To calculate $\frac{dP}{dQ}$ for the function

$P = 64Q - (200Q - 767)^{1.56} \cdot 100$

we need to differentiate $P$ with respect to $Q$ and then evaluate it at $Q = 15$.

1. Differentiate $P$:

Using the chain rule and product rule, we find:

$\frac{dP}{dQ} = 64 - 100 \cdot 1.56 \cdot (200Q - 767)^{0.56} \cdot \frac{d}{dQ}(200Q - 767)$

$\frac{d}{dQ}(200Q - 767) = 200$

Thus,

$\frac{dP}{dQ} = 64 - 100 \cdot 1.56 \cdot (200Q - 767)^{0.56} \cdot 200$

2. Evaluate at $Q = 15$:

First, calculate $200Q - 767$ at $Q = 15$:

$200(15) - 767 = 3000 - 767 = 2233$

Now substitute $Q = 15$ into the derivative:

$\frac{dP}{dQ} = 64 - 100 \cdot 1.56 \cdot (2233)^{0.56} \cdot 200$

Calculating $(2233)^{0.56}$:

$(2233)^{0.56} \approx 16.57 \quad (\text{using a calculator})$

Now substitute this value back:

$\frac{dP}{dQ} = 64 - 100 \cdot 1.56 \cdot 16.57 \cdot 200$

Calculating the multiplication:

$100 \cdot 1.56 \cdot 16.57 \cdot 200 \approx 516800$

So,

$\frac{dP}{dQ} = 64 - 516800$

Calculating this:

$\frac{dP}{dQ} \approx -516736$

3. Final Rounded Answer:

Thus, the value of $\frac{dP}{dQ}$ when $Q = 15$ is approximately:

$\frac{dP}{dQ} \approx -516736.00$

Summary

The value of $\frac{dP}{dQ}$ at $Q = 15$ is $-516736.00$.

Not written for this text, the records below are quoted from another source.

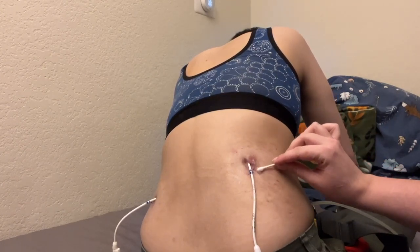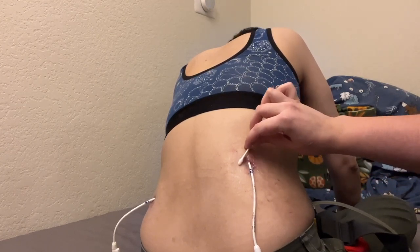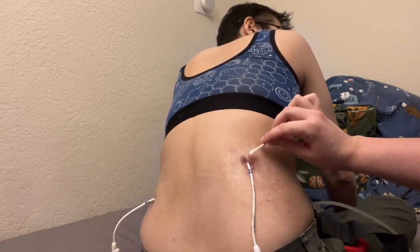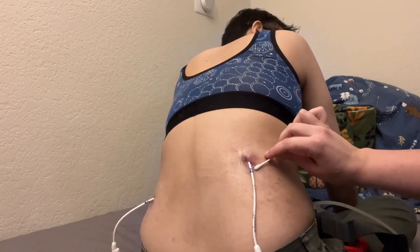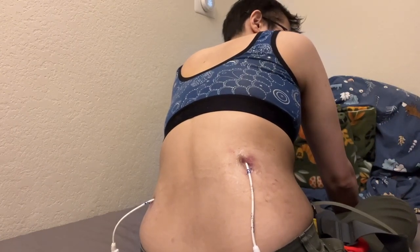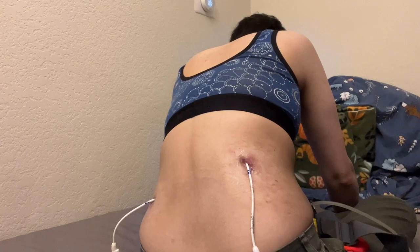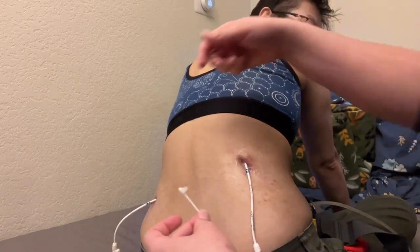I don't put it right on the stoma, but kind of around it. We don't want it to go inside the hole, but this is for keeping infections from getting in through the skin, hopefully. And I'm just using the other side of the q-tip for the other one.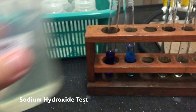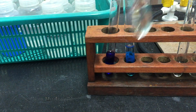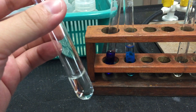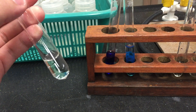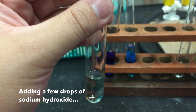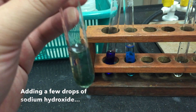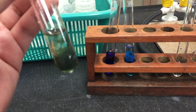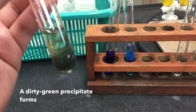First off, we may use the sodium hydroxide test to test for the presence of iron ions. To a small sample of your solution, add a few drops of sodium hydroxide solution. You will notice that a dirty green precipitate forms immediately.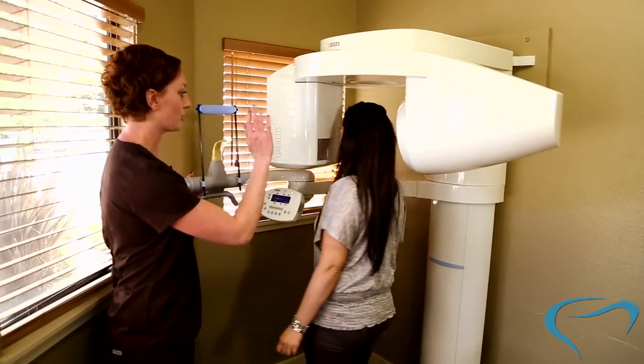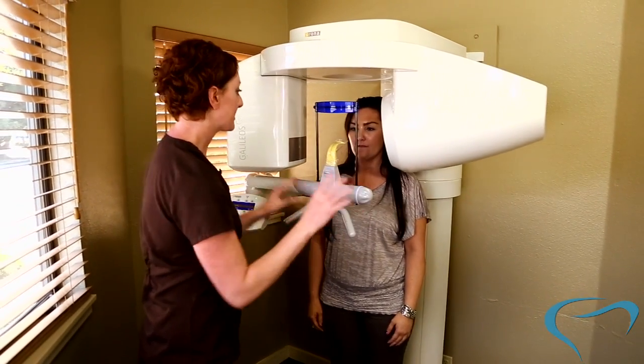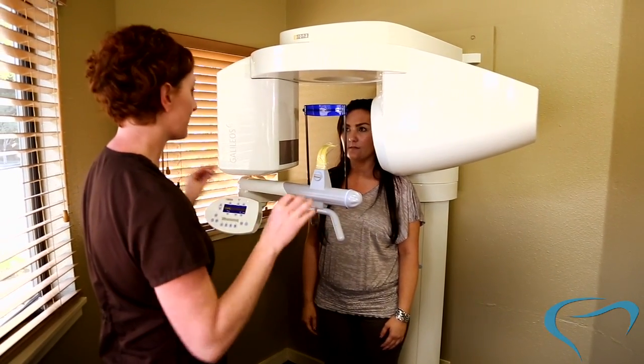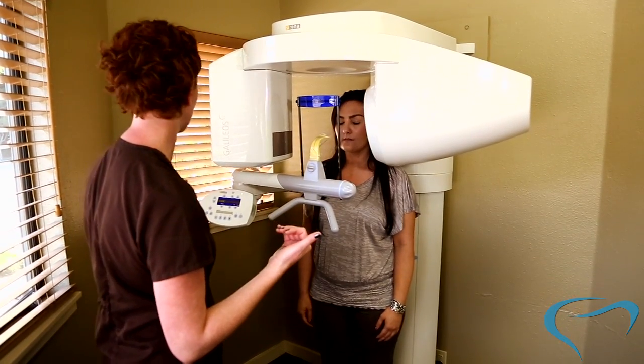I'm going to have you just go ahead and step in, turn around facing me, back up just a little bit. Melissa, this is going to be pretty easy. Most of it is I'm just going to be positioning you, and then I want you to stay real still for me as soon as I tell you to, okay?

Would you like to go over any details or have any questions? Here are some related questions for further exploration:

1. What are the implications of the derivative value in terms of the function's behavior?
2. How would the derivative change if the exponent were different?
3. Can you explain the significance of the chain rule in this context?
4. What happens to the derivative if $Q$ approaches a different value?
5. How would you interpret this derivative in a real-world scenario?

Tip: When dealing with derivatives, always ensure to apply the correct differentiation rules to avoid errors in calculation.